Start of Block

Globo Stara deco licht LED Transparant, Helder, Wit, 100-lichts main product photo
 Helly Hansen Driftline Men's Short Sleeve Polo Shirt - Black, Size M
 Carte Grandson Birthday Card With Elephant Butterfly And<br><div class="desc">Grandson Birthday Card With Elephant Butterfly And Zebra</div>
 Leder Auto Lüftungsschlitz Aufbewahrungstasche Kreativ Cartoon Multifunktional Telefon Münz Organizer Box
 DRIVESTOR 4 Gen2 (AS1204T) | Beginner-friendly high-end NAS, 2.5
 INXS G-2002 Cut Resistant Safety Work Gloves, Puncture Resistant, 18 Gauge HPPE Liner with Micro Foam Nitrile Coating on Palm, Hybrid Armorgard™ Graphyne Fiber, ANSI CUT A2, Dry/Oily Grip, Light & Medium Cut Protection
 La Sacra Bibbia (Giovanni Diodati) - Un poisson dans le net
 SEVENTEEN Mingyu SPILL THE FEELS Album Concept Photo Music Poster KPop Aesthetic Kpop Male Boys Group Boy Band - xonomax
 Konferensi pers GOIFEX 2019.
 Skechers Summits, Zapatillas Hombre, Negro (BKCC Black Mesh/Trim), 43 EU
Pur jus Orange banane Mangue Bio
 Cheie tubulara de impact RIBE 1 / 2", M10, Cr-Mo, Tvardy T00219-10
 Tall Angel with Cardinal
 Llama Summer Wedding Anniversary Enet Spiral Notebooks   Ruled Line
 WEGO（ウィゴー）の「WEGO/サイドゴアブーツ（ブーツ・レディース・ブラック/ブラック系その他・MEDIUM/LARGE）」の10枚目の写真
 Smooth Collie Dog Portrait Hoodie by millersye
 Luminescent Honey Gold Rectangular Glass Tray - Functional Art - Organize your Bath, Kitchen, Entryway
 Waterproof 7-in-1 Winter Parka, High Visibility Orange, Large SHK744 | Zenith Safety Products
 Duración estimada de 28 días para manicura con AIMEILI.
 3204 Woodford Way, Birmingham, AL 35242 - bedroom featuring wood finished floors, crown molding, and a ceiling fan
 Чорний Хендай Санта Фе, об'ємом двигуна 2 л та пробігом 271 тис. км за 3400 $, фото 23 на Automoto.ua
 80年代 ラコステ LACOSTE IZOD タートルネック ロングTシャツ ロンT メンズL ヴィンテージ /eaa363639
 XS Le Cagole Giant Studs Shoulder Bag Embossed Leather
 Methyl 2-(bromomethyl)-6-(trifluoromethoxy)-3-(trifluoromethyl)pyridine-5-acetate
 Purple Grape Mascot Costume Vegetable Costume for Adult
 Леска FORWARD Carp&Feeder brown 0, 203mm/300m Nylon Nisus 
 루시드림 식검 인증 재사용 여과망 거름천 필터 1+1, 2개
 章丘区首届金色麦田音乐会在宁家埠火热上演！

End of Block

# WHAT YOU SHOULD DO
Within the entries above, work out how many lines contain the word "Black". The number alone is the answer.

# TASK RESPONSE
2